# Is Copper oxide safe for shrimps



## waynet (Apr 22, 2010)

Hi:

I got the Fluval Shrimp Granules 30g Fluval Shrimp Granules 30g - Complete Aquatics

One of the ingredients is copper oxide. Everywhere I read, people say they feed shrimps with food that has copper and the shrimps die.
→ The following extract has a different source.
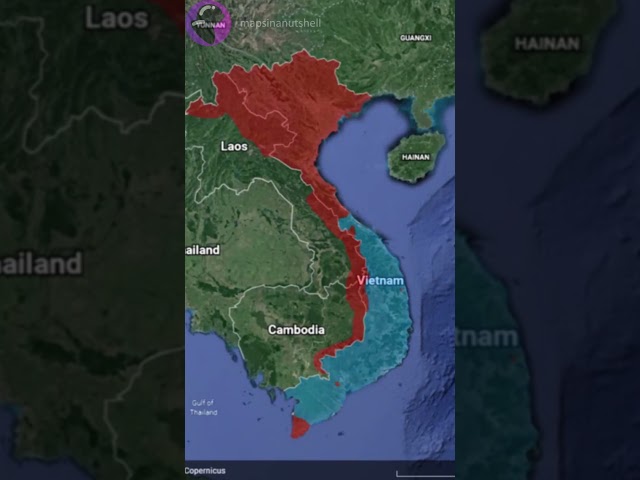 The Vietnam War in 30 seconds using Google Earth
So is copper oxide safe for shrimps?


----------



## waynet (Apr 22, 2010)

Copper oxide - Wikipedia, the free encyclopedia

Why did Fluval put copper oxide in shrimp food that they say made specially for shrimps?


----------



## effox (Apr 21, 2010)

It's probably really small trace amounts.


----------



## Mferko (Jun 8, 2010)

copper is essential for life in very trace amounts
for example every hemoglobin molecule in your blood contains copper


----------



## waynet (Apr 22, 2010)

Thanks for the reply. I assume it is safe. A small trace amounts is deadly for small shrimp.


----------



## Mferko (Jun 8, 2010)

hikari algae wafers have it too, its always one of the last ingredients tho
i found some hermit crab foot at aquariums west thats supplimented with calcium that doesnt have it on the back, im feeding that atm


----------